Durante el último lustro, la Europa del Renacimiento y del humanismo se tambalea, asombrosamente, en cualquier elección nacional de sus países miembros. Toda elección se vuelve un referéndum del proyecto europeo. Sea en Austria, en Holanda, en el secesionismo catalán, y en muchos otros lugares, cualquier convocatoria a elecciones es el caldo de cultivo para que los nacionalismos más acérrimos, las ultraderechas xenófobas y los dogmáticos de distintos pelajes saquen las uñas.
El mayor peligro viene de la indiferencia
Sin embargo, el mayor peligro viene de la indiferencia y el desconocimiento de algunos principios básicos de la democracia de las grandes masas de votantes y ciudadanos que crecientemente se abstraen del debate público y dejan que líderes dogmáticos y minorías muy activas hegemonicen el espacio electoral, ganen elecciones y empiecen a poblar con éxito los espacios de la política pública. El brexit fue el caso más claro. Ante la indiferencia de los jóvenes y los grupos más afluentes de Londres y las grandes ciudades, fue el campo inglés ultraconservador el que decidió la salida de Inglaterra de la UE. Más o menos lo mismo que el voto del mid-west ha tenido en muchas de las últimas elecciones de los Estados Unidos. Igual que en Italia, mientras la mayoría vive el hedonismo y la dolce vita, una minoría activa los está convenciendo de que toda la idea de la Ilustración y el Renacimiento hay que tirarla a la basura.

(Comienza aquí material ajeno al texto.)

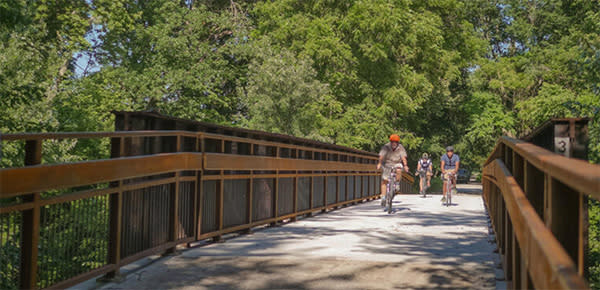 A group of bikers ride down a brown rail trail with lots of green trees in the background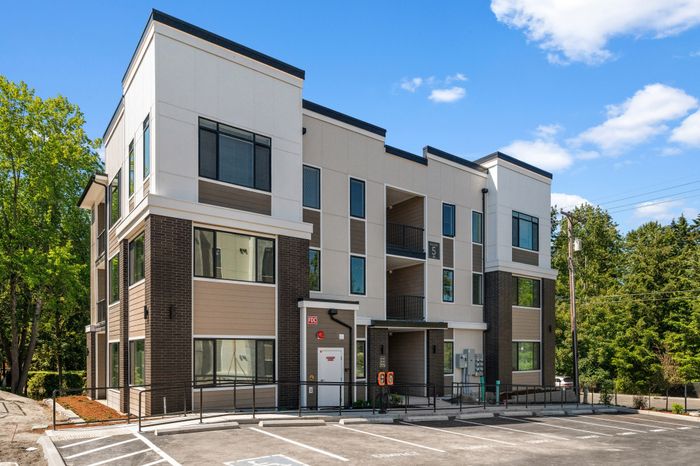 Modern exterior of the F Building at 27 West Apartments in University Place, featuring contemporary architecture and spacious 2-bedroom, 2-bath apartment homes.
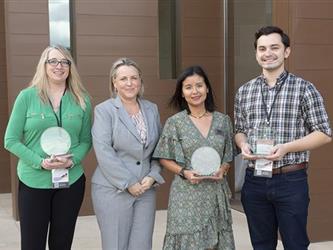 Ginese Quann with three educators of the year who are holding their awards.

Dicho en palabra simples. El principal enemigo no es el dogmatismo como tal, sino la indiferencia de la mayoría de la sociedad, abstraída en otros temas, generalmente más banales y superficiales. Los grupos dogmáticos son pequeños, pero logran tomar el poder ante una enorme mayoría de ciudadanos (habría que poner ese nombre en tela de juicio) y de votantes embobados por la cotidianeidad y por redes sociales que difunden un 90% de fruslerías irrespirables.
Del otro lado del Atlántico
Es la misma indiferencia que se vive, desde este lado del Atlántico, cuando Daniel Ortega en Nicaragua se erige como un dictador que masacra a su pueblo y la mayoría del Continente americano mira para otro lado y no le importa mayor cosa. Una sociedad global que casi no lo es tal, porque se adormece, paradójicamente, con su quehacer cotidiano local y con la estupidez creciente y superficialidad de las redes sociales. Maduro en Venezuela también masacra a su pueblo, pero el escándalo inicial de hace unos meses ya ha pasado de moda. El narco enajena México y está literalmente deformando todos los países de la «ruta de tráfico», desde Colombia, Panamá, Costa Rica, Honduras, Nicaragua, El Salvador y Guatemala, países hoy deformados por el lavado de dólares y la pérdida de los tejidos democráticos. Sin embargo, importan más los escándalos de Maluma y el vodevil de cuarta categoría de nuestra sociedad del show off y el espectáculo.
Voltaire, a diferencia de lo quería el viejo Glucksmann, no es influyente no porque sus ideas no sean importantes y decisivas. Simplemente, porque hay una horda de gente en estas nuevas sociedades que no le conocen, no lo han leído nunca y, lo que es más grave, no les importa.